And we totally get it: Your work comes from your heart and soul.

When presenting to clients and customers, there tends to be this little voice inside that seeks approval from them. So naturally, there’s often this innate desire for our work to be “liked” by clients. But what we sometimes forget is that our work – while from the heart and soul – also comes from our brain. Years of training, honing and perfecting. You’re an expert at what you do, right? So while feedback and collaboration are what can make things better, you also need to keep in mind that you are the pro. That’s why clients hire you. That’s why clients trust you. To do the stuff they need, but that only experts like you can create. So no matter what type of profession you are in, the next time you are unveiling your work to your clients, be sure to avoid these 5 Phrases That Will Kill Your Presentation. 

1. “Do you like it?”

Ok, here’s the thing. Your client might “like” one thing...but that might not be the right choice for their goals. In fact, it may not be the right choice for a lot of things! So while what they like does matter to a point, what matters more is whether the outcome is appropriate and effective for your client’s business objectives.
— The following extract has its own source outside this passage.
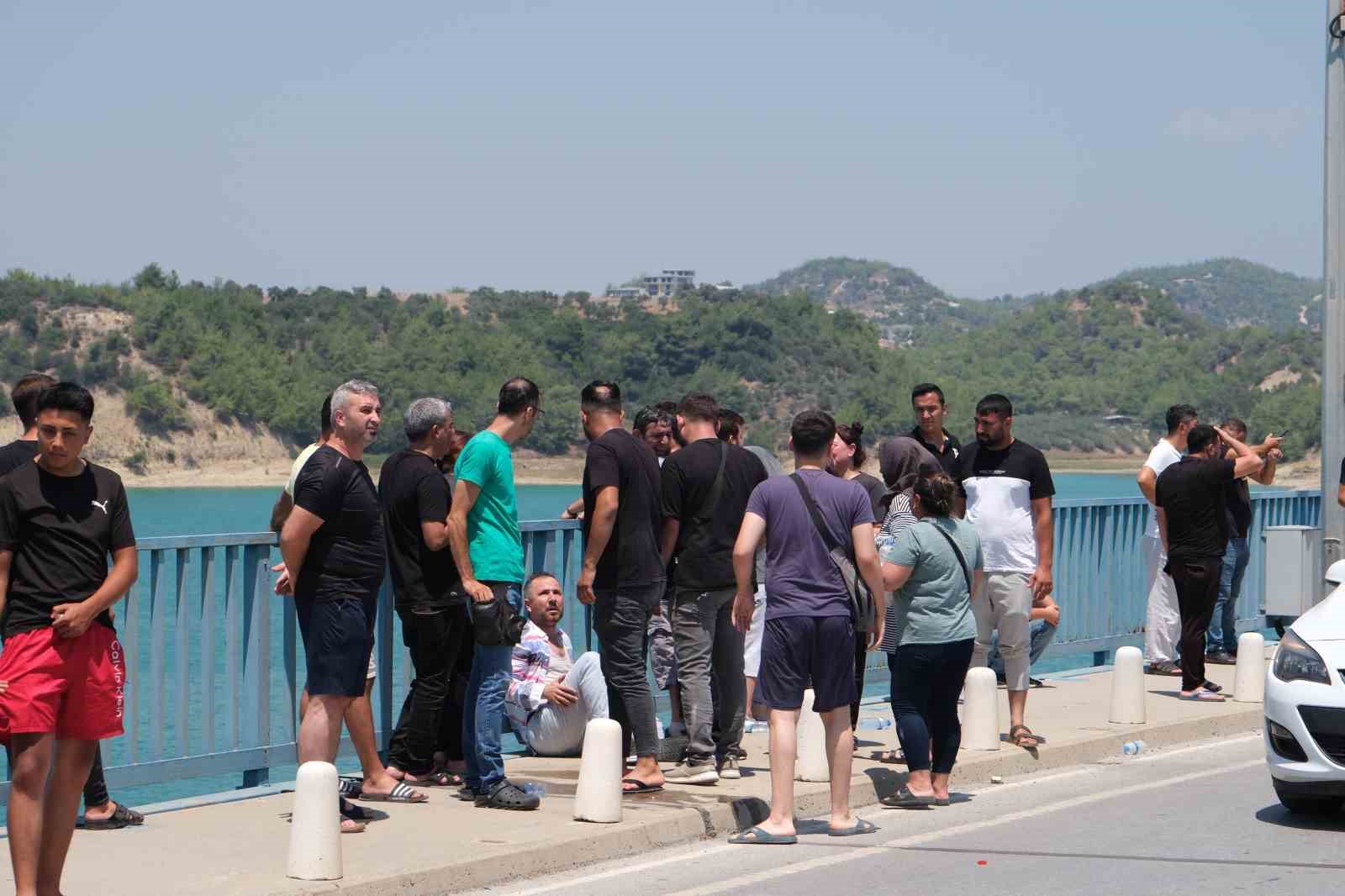 Göle Düşen Otomobil Bir Aileye Mezar Oldu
2. “So, what do you think?”

If you’ve done your research, you should be able to explain your solutions and why they are effective. By asking the client what they think, you’ll appear unsure about your work. You’ll also open it up for debate. Don’t get us wrong: There is absolutely nothing wrong with collaboration. At the end of the day though, it’s not so much about what they think. You are the expert whom they’ve hired to do a job – a job they lack the knowledge to do themselves. They are looking to you to be their guide and deliver what you think is best, not what they think about it.
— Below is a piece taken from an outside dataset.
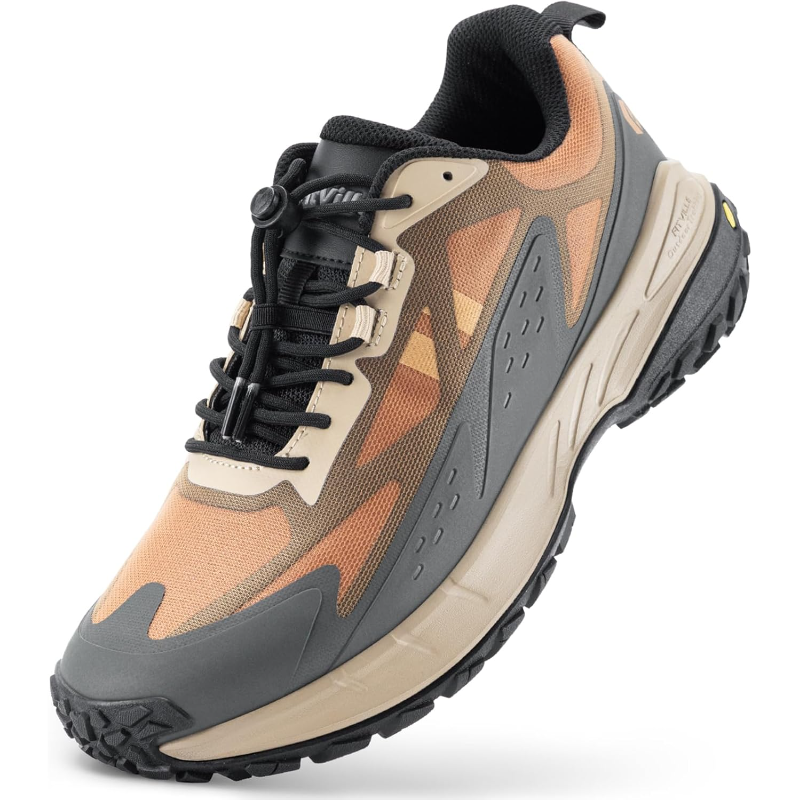 Men's Low-Top LugMax Hiking Shoes V2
3. “Is there anything missing?”

Here’s what is going through the client’s mind when you ask that question: Ummmmm, I don’t know. Is there? I didn’t think there was. But now that you mention it, let me see if maybe there is in fact something missing. Asking this during a presentation does only one thing – it raises red flags in your client’s mind. They begin to question themselves, your deliverable, and you. Don’t suggest anything is missing unless of course you want the client to think it is. 

4. “I think…”

We all do it. But why?! Starting a statement off with “I think” indicates opinion instead of fact. It is a weak opening phrase when trying to explain why you did what you did. Stronger phrases could be: in my assessment; in my experience; from what I’ve observed; research shows. Or even better, just say your statement without starting it off with “I think.” Here’s an example. If we omit “I think” from the following statement, listen how the perspective changes: I think the first option is the better choice for your current situation. By eliminating “I think,” the preceding statement rings truer and has more authority behind it. Listen again: The first option is the better choice for your current situation. Bam – much stronger! 

5. “I don’t know.”

In high school, our coach used to say to the team: I don’t know means I don’t care. He never wanted us to answer him with “I don’t know.” Because let’s be honest, if you really don’t know the answer, you’ll find a way to figure it out….if you actually care. There’s nothing worse than asking a question and receiving the reply: “I don’t know.” #Cringeworthy – seriously. Your clients want action or a resolution to a problem. If you’re not certain of an answer to a question during a presentation (or in life, for that matter), a stronger reply would be: “Let me research that and get back to you.” And of course, be sure that you do! 

At MC2, we are a team of creatives.

From graphic artists to website designers to copywriters – we put our heart and soul into our client work. So from one team to another, we share this guidance in the hopes it will help inspire you to be more confident during your next client presentation. If you’re like us, we absolutely welcome and thrive on feedback and collaboration from our clients! But we also recognize that our clients trust us to confidently and professionally present our deliverables in a way that reassures them they hired the best team for the job. Now go get ‘em, tiger. You got this!